Excerpted records:
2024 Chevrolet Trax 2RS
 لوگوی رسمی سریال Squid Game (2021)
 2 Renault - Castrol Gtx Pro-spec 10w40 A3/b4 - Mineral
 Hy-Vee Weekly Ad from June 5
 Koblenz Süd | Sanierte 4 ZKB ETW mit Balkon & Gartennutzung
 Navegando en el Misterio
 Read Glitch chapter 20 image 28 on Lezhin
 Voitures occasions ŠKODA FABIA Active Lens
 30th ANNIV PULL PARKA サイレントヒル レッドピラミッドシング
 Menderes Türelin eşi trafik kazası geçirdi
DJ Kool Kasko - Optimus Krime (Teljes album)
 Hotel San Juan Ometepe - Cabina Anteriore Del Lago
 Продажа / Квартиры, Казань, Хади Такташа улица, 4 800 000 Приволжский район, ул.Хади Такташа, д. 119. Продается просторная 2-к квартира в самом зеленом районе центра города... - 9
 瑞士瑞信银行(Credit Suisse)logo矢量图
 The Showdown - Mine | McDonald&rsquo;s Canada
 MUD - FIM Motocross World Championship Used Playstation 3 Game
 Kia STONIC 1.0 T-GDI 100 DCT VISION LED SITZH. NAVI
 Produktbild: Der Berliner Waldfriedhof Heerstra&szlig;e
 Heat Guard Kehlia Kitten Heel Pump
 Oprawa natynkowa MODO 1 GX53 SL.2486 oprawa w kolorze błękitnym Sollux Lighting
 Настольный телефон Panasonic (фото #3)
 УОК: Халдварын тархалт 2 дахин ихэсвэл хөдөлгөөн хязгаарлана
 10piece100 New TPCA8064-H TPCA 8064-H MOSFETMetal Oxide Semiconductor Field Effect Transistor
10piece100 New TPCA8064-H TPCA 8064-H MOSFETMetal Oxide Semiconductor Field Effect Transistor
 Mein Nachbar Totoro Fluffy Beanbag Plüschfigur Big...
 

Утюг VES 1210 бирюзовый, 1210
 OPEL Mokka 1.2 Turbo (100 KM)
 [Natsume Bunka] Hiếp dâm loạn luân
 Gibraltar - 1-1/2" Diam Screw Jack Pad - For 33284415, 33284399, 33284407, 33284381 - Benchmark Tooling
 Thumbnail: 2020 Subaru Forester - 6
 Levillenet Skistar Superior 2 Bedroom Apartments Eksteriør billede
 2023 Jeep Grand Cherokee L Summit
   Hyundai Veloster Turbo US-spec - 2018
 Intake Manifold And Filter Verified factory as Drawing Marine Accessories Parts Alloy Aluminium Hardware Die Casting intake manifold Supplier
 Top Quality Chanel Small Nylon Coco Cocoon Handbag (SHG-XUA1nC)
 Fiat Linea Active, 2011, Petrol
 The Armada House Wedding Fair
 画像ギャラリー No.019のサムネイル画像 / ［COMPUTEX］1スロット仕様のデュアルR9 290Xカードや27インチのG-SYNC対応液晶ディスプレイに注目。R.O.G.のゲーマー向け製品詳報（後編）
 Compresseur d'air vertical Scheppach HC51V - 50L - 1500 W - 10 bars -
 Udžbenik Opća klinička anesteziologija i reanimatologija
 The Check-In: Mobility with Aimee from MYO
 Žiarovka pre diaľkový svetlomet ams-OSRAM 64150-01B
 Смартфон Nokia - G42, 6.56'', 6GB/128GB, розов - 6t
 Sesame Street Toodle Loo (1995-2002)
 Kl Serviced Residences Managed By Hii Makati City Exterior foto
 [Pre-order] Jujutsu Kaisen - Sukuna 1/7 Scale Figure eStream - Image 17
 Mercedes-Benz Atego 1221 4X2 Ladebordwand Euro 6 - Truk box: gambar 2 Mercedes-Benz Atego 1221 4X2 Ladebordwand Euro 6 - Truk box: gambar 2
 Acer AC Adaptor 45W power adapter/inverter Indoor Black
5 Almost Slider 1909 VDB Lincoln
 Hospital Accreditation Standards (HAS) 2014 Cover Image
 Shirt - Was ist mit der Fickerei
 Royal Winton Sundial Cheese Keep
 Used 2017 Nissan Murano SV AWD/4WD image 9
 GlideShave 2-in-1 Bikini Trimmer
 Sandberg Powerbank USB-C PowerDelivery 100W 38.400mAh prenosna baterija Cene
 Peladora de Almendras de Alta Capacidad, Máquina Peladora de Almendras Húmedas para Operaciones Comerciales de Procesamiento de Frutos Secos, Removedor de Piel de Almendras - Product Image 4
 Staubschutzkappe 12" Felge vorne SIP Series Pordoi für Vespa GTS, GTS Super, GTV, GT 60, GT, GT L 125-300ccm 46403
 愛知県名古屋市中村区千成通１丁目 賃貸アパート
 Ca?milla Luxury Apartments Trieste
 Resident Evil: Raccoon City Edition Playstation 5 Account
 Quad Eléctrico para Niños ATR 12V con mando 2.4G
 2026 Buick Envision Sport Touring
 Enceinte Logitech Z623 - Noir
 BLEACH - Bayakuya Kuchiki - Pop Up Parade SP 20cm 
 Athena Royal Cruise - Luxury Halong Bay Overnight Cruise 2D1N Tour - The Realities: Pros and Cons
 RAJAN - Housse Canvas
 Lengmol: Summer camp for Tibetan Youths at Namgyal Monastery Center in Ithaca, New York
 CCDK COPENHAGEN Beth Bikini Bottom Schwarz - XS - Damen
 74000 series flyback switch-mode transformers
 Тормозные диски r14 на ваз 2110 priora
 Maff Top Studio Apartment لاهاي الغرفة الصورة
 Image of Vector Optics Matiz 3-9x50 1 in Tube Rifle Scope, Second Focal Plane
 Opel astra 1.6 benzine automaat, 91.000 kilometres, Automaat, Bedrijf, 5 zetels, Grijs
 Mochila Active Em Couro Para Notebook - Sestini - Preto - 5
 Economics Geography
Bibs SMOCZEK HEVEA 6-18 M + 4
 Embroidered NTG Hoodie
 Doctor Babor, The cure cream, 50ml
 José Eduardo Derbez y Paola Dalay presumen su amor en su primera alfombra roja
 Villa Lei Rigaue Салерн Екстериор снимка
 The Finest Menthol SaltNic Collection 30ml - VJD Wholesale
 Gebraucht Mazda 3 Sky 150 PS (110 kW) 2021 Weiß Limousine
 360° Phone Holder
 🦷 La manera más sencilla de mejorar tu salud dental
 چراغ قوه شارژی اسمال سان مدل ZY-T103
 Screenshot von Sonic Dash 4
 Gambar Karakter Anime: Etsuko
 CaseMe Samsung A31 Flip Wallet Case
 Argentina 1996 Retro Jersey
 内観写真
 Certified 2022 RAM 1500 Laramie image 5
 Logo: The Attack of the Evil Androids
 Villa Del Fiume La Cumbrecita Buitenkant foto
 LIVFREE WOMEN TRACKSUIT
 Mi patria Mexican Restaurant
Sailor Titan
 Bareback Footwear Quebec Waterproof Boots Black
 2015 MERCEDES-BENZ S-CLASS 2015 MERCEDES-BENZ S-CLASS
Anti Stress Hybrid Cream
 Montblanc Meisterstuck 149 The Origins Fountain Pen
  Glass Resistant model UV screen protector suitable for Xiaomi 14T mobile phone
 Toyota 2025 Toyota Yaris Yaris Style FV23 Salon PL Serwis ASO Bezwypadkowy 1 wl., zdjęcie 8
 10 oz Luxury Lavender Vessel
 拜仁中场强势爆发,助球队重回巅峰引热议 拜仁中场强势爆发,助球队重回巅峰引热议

Assignment: Using only the entries above, output the line with "Acer AC Adaptor", the line with "Certified 2022 RAM 1500 Laramie image 5", and all lines between them, exactly as they stand.

Output of the task:
 Acer AC Adaptor 45W power adapter/inverter Indoor Black
5 Almost Slider 1909 VDB Lincoln
 Hospital Accreditation Standards (HAS) 2014 Cover Image
 Shirt - Was ist mit der Fickerei
 Royal Winton Sundial Cheese Keep
 Used 2017 Nissan Murano SV AWD/4WD image 9
 GlideShave 2-in-1 Bikini Trimmer
 Sandberg Powerbank USB-C PowerDelivery 100W 38.400mAh prenosna baterija Cene
 Peladora de Almendras de Alta Capacidad, Máquina Peladora de Almendras Húmedas para Operaciones Comerciales de Procesamiento de Frutos Secos, Removedor de Piel de Almendras - Product Image 4
 Staubschutzkappe 12" Felge vorne SIP Series Pordoi für Vespa GTS, GTS Super, GTV, GT 60, GT, GT L 125-300ccm 46403
 愛知県名古屋市中村区千成通１丁目 賃貸アパート
 Ca?milla Luxury Apartments Trieste
 Resident Evil: Raccoon City Edition Playstation 5 Account
 Quad Eléctrico para Niños ATR 12V con mando 2.4G
 2026 Buick Envision Sport Touring
 Enceinte Logitech Z623 - Noir
 BLEACH - Bayakuya Kuchiki - Pop Up Parade SP 20cm 
 Athena Royal Cruise - Luxury Halong Bay Overnight Cruise 2D1N Tour - The Realities: Pros and Cons
 RAJAN - Housse Canvas
 Lengmol: Summer camp for Tibetan Youths at Namgyal Monastery Center in Ithaca, New York
 CCDK COPENHAGEN Beth Bikini Bottom Schwarz - XS - Damen
 74000 series flyback switch-mode transformers
 Тормозные диски r14 на ваз 2110 priora
 Maff Top Studio Apartment لاهاي الغرفة الصورة
 Image of Vector Optics Matiz 3-9x50 1 in Tube Rifle Scope, Second Focal Plane
 Opel astra 1.6 benzine automaat, 91.000 kilometres, Automaat, Bedrijf, 5 zetels, Grijs
 Mochila Active Em Couro Para Notebook - Sestini - Preto - 5
 Economics Geography
Bibs SMOCZEK HEVEA 6-18 M + 4
 Embroidered NTG Hoodie
 Doctor Babor, The cure cream, 50ml
 José Eduardo Derbez y Paola Dalay presumen su amor en su primera alfombra roja
 Villa Lei Rigaue Салерн Екстериор снимка
 The Finest Menthol SaltNic Collection 30ml - VJD Wholesale
 Gebraucht Mazda 3 Sky 150 PS (110 kW) 2021 Weiß Limousine
 360° Phone Holder
 🦷 La manera más sencilla de mejorar tu salud dental
 چراغ قوه شارژی اسمال سان مدل ZY-T103
 Screenshot von Sonic Dash 4
 Gambar Karakter Anime: Etsuko
 CaseMe Samsung A31 Flip Wallet Case
 Argentina 1996 Retro Jersey
 内観写真
 Certified 2022 RAM 1500 Laramie image 5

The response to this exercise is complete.